Pengalaman Mendapatkan Pekerjaan Setelah Resign dan di PHK

Kali ini saya ingin menuliskan tips bagaimana cara agar cepat mendapatkan pekerjaan setelah resign atau pun di PHK.

Kenapa saya menuliskan tips tersebut, karena keduanya saya pernah alami dalam setahun terakhir. Jadi tulisan ini adalah pengalaman pribadi saya yang mungkin bisa bermanfaat bagi anda.

Sebelum masa pendemi virus Corona, mencari pekerjaan sudah sangat susah, apalagi dimasa pendemi seperti ini. Banyak perusahaan yang merumahkan karyawannya, termasuk saya setelah masuk dalam daftar pemutusan hubungan kerja (PHK) atas kebijakan perusahaan dalam menghadapi covid-19 ditempat kerja yang baru.

Cara mendapatkan pekerjaan dengan cepat

Yang pertama saya akan berbagi bagaimana cara saya mendapatkan pekerjaan baru setelah resign dari perusahaan yang sudah 9 tahun bekerja disana.

Pengalaman mendapatkan kerja setelah resign

  1. Mengajukan resign 1-2 bulan sebelumnya, saya dulu mengajukan resign 2 bulan sebelum benar-benar berhenti bekerja. Dengn alasan supaya cepat ada pengganti, sehingga saya bisa langsung serah terima pekerjaan dan mengajarinya. Yang kedua supaya mempunyai waktu lebih lama untuk mencari pekerjaan baru dan mempercepat mendapatkan pekerjaan baru.
  2. Memperbaharui profil CV. Dimasa tenggang pengajuan resign hingga saya keluar kerja, saya memperbaharui profil CV saya, baik di portal web lowongan pekerjaan, maupun CV dalam bentuk PDF untuk lampiran lamaran kerja via email.
  3. Melamar pekerjaan sesuai dengan kemampuan dan pengalaman terakhir bekerja, karena penting supaya ketika mendapat undangan interview masih dapat menjawab apa saja yang dikerjakan di pekerjaan yang dulu. Sehingga perusahaan yang akan merekrut anda lebih yakin untuk hire saya kedalam perusahaannya.
  4. Bikin akun Linkedin, media social linkedin sangat cocok untuk seorang jobseeker atau bahasa kerennya talent ready. Bikin profile sesuai dengan background pendidikan dan pekerjaan. mencantumkan posisi terakhir, kemudian pasang taggar #talentready karena disana sekarang menggunakan istilah tersebut untuk mengganti jobseeker. Juga jalin koneksi dengan pengguna linkedin lainnya, terutama recruiter dan human resource (HR) perusahaan.
  5. Mencari pekerjaan di Linkedin, karena banyak informasi lowongan pekerjaan disana. Terutama informasi dari recruiter dan HR perusahaan yang sedang mencari tenaga siap bekerja.
  6. Melamar pekrjaan di portal lowongan pekerjaan online seperti jobstreet, Indeed, Karir, glints dan sejenisnya. Semakin banyak melamar, semakin banyak juga peluang untuk mendapatkan pekerjaan.

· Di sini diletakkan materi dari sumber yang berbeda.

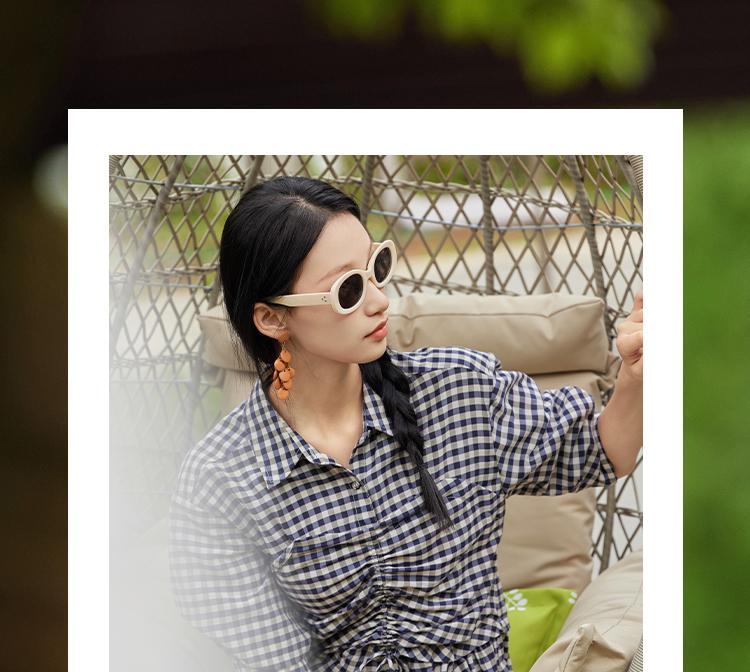 Age Reducing Temperament Plaid Short-sleeved Dress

Sebelum keluar dari pekerjaan, saya sudah diterima di 2 perusahaan setelah interview, tapi karena waktunya tidak tepat akhirnya saya menolak dan tidak bisa gabung secepatnya kemudian memutuskan untuk istirahat 3 bulan dan pulang kampung ke jawa.

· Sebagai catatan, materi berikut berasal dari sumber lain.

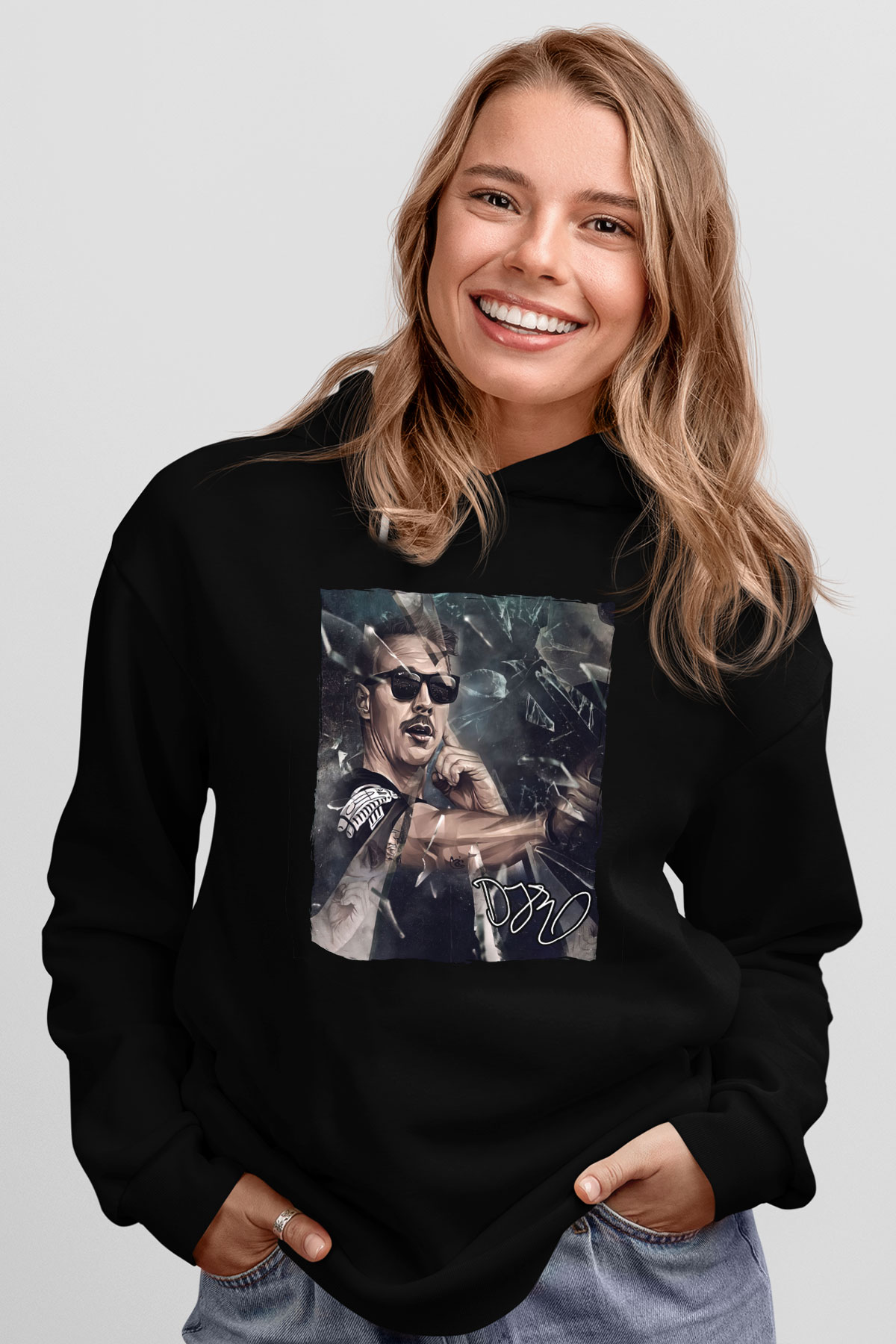 Diplo Siyah Unisex Kapüşonlu Sweatshirt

Dalam 3 bulan istirahat, saya hanya melakukan aktivitas kerja sosial dengan membantu pekerjaan saudara saya dalam mengurus badan usaha milik desa (BUMDESA). Disana saya banyak belajar tentang sistem pemerintahan dan pekerjaan membantu warga desa.

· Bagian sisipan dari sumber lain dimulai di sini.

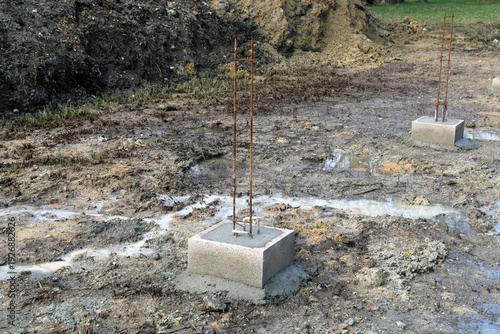 Colonne semelle de fondation béton armé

Setelah 3 bulan, saya pulang ke Bogor langsung melamar kerja, dalam seminggu saya langsung dapat pekerjaan sebagai Staf finance di perusahaan Distributor yang ada di Cibinong.

Tapi sayang, baru bergabung 3 bulan, saya masuk dalam list kebijakan perusahaan akibat dampak pendemi covid-19. Saya masuk dalam karyawan yang dirumahkan bersama beberapa orang lainnya.

Rasanya sedih juga, baru kerja gak lama nganggur lagi. Tapi saya gak patah semangat, kemudian saya mencari pekerjaan lagi agar bias survive di masa pendemi corona ini.

Pengalaman mendapat pekerjaan setelah di PHK.

  1. Update CV, baik PDF maupun profil di website portal lowongan pekerjaan.
  2. Memperbaharui profile Linkedin semenarik mungkin agar bisa tampil di pencarian perusahaan dan recruiter yang sedang aktif mencari kandidat atau talent ready.
  3. Aktif mencari loker di Linkedin, apply setiap informasi loker pekerjaan lewat Email sesuai pengalaman dan ketrampilan yang saya mili.
  4. Upgrade skill, karena saya basicnya di Finance, saya upgrade skill microsft excel dengan menonton tutorial video di youtube.
  5. Tidak lupa berdoa meminta pada yang kuasa semoga cepat mendapatkan pekerjaan

Alhamdulillah, karena rajin mencari pekerjaan dalam waktu kurang dari 2 bulan saya sudah mendapatkan pekerjaan sesuai pengalaman dan keterampilan yang saya punya selama 10 tahun bekerja.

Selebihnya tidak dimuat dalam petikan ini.